* _What the exercise asks_
When you reach the line with "Apartment Summer Break Apartment Vodice" in the listing below, transcribe it and each line after it up to and including the line with "Грипп 2019/20 в России", exactly and with nothing else.

##### Data records #####

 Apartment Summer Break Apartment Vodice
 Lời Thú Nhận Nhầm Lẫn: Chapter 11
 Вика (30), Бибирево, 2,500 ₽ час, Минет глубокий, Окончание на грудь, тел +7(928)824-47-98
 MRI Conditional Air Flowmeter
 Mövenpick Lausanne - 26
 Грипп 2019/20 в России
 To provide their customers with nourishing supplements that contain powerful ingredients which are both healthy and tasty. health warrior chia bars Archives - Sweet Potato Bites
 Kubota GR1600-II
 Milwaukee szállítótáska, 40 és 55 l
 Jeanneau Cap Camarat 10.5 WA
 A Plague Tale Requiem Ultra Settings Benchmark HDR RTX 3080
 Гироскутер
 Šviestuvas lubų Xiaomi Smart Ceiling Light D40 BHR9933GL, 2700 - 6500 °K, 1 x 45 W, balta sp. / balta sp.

#####
##### Data records #####

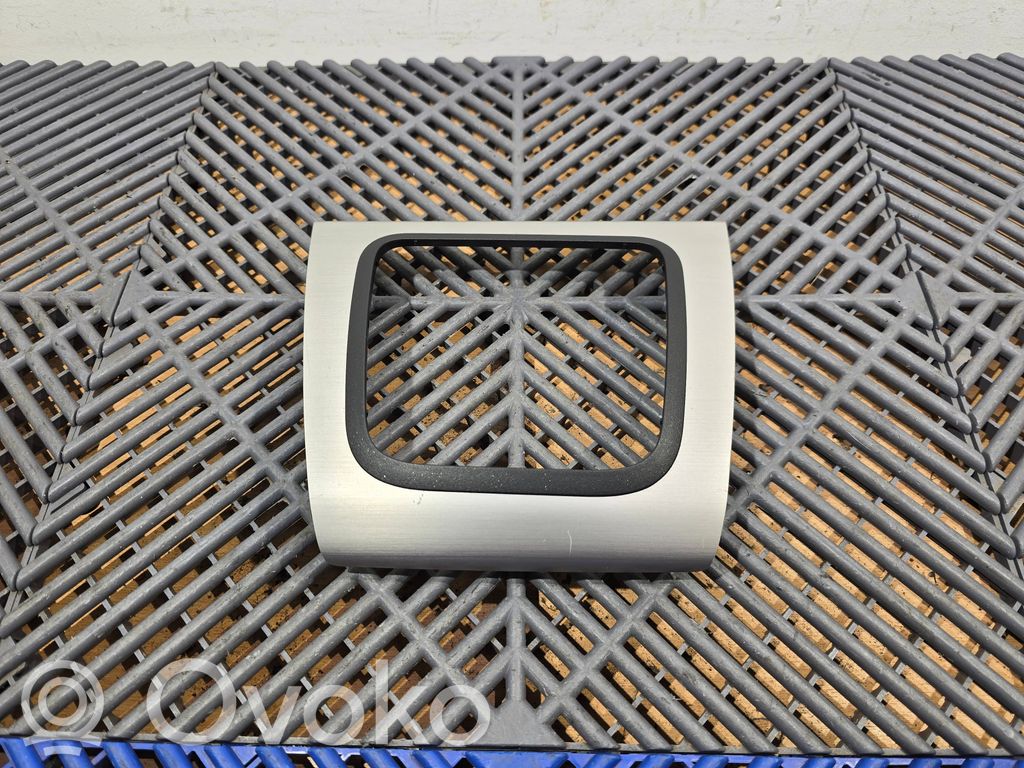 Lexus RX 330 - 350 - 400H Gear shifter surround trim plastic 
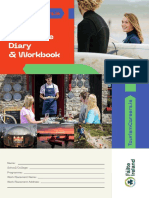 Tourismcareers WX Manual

#####

* _Your solution_
 Apartment Summer Break Apartment Vodice
 Lời Thú Nhận Nhầm Lẫn: Chapter 11
 Вика (30), Бибирево, 2,500 ₽ час, Минет глубокий, Окончание на грудь, тел +7(928)824-47-98
 MRI Conditional Air Flowmeter
 Mövenpick Lausanne - 26
 Грипп 2019/20 в России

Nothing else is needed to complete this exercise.